El ecologismo es una de las últimas derivaciones del artificialismo que comenzó en Hobbes. Este filósofo concebía a los hombres como cuerpos individuales moviéndose en el espacio y a la sociedad como un resultado artificial de sus intereses egoístas. Aunque el estado de naturaleza era en su obra un estado de máximo peligro que la razón aconseja abandonar cuanto antes para no perecer, las transformaciones de la idea de un pacto fundador del estado civil han desembocado en un extraño magma de convicciones sobre la sociedad como el mal que se debe extirpar y de la naturaleza como la víctima del poderío humano, como si ahora ésta fuera también producto del artificio.
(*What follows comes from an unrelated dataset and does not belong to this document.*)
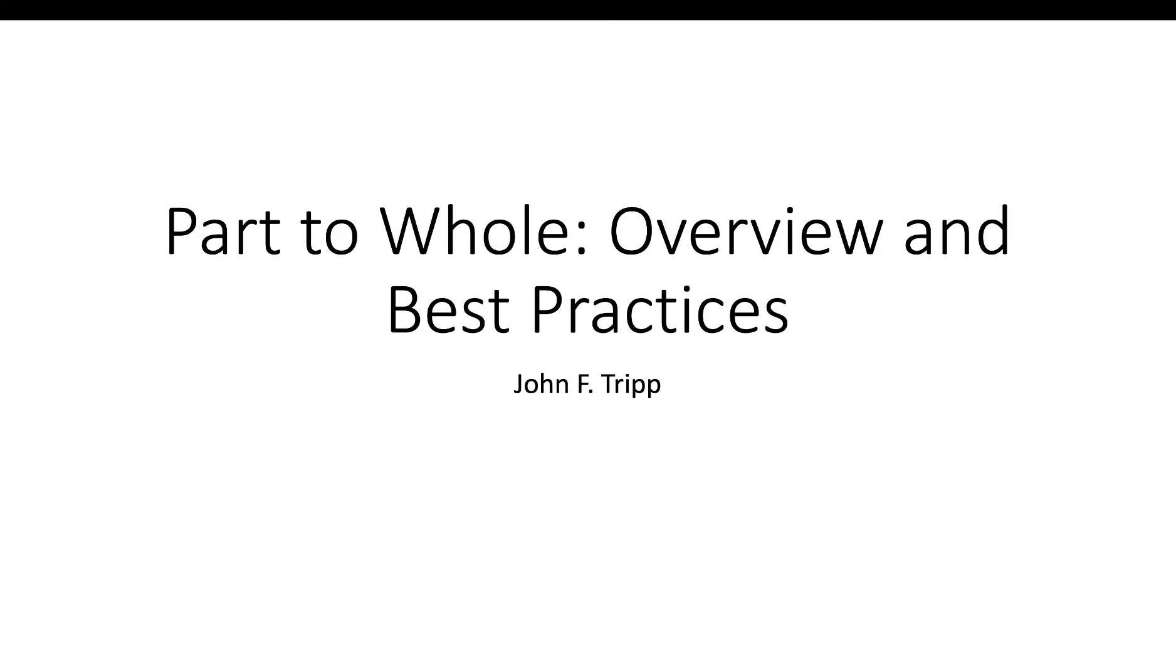In this video we're going to talk about the best practices for doing part-to-whole. If you haven't already done the reading on part-to-whole, make sure you stop now, go back and do the reading because this is more of a summary and we're not going to focus on all of the details that are in the reading.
No observamos buena conducta hacia ella, dice Leonardo Boff. Ella es generosa cuando nos ofrece todo lo que nuestras necesidades exigen, pero nosotros no le damos nada a cambio, la tratamos con violencia, la convertimos en un basurero, no nos esforzamos por conocer su historia, su naturaleza, su flora, las montañas, los ríos, etc. Herederos del espíritu científico moderno, la concebimos como una máquina y no comprendemos que tiene vida y conciencia. Los bosques y las selvas, los ríos y los montes, las estrellas, todo el universo canta una canción que no sabemos oír, al contrario de los poetas y los pueblos antiguos. Nuestra técnica y nuestra ciencia solo saben dominar[1].
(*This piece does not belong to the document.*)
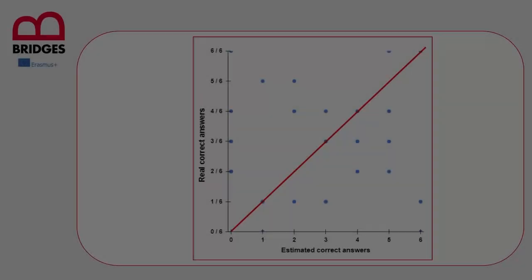There is also another very simple way to try to estimate our knowledge and relating it to the perception we have of it. If we are teachers we can definitely and fruitfully use it with our students. In this slide you see a very particular graph where the number of real correct answers expressed here are associated with the estimated number of correct answers given by the students immediately after a test. So each blue dot refers to a student with his, her estimated and real scores.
He aquí una personalización extraña de lo que Boff y tantos otros llaman “la naturaleza”. Generosidad, abnegación, belleza… ¿Son metáforas en boca del teólogo o son descripciones realistas? En todo caso, es algo muy nuevo frente a la tradición cristiana, que logró desmitificar la naturaleza en que creía el paganismo y dejarla disponible para que el espíritu científico la abarcara. La ciencia natural es hija del cristianismo.
Con el ecologismo parece volverse al paganismo, a la divinización de la naturaleza, sea en la versión de Boff o en la de otros como James Lovelock, el autor de la hipótesis Gaia sobre la Tierra como un organismo que se regula por sí mismo con el fin de mantener la vida. Pudo tener justificación mientras fue una reacción de sentido común contra los excesos de la industria, pero la perdió al divinizar la naturaleza. Una naturaleza que, dicho sea de paso, no es más que la idea que abriga el hombre de ciudad.
Podría calificarse de ideología progresista, pero es reaccionaria. Muchos socialistas la han abrazado, olvidando que el socialismo tuvo siempre el objetivo de poner la naturaleza al servicio del hombre. Cuando Zapatero dice que la tierra pertenece al aire está traicionando los ideales tradicionales de su partido.
Lo sorprendente es que el ecologista se comporta como si el hombre hubiera creado el mundo y fuera su dueño. Promueve la producción de energías alternativas a costa de gastos inmensos, la dedicación de grandes extensiones de terreno al cultivo de biocombustibles, obliga a los estados a suscribir el tratado de Kyoto, predica la necesidad de reducir la población mundial, etc. Y, dado que acompaña sus admoniciones con razones que extrae unas veces del sentido común y otras del acervo científico, es un personaje con altas dotes de persuasión.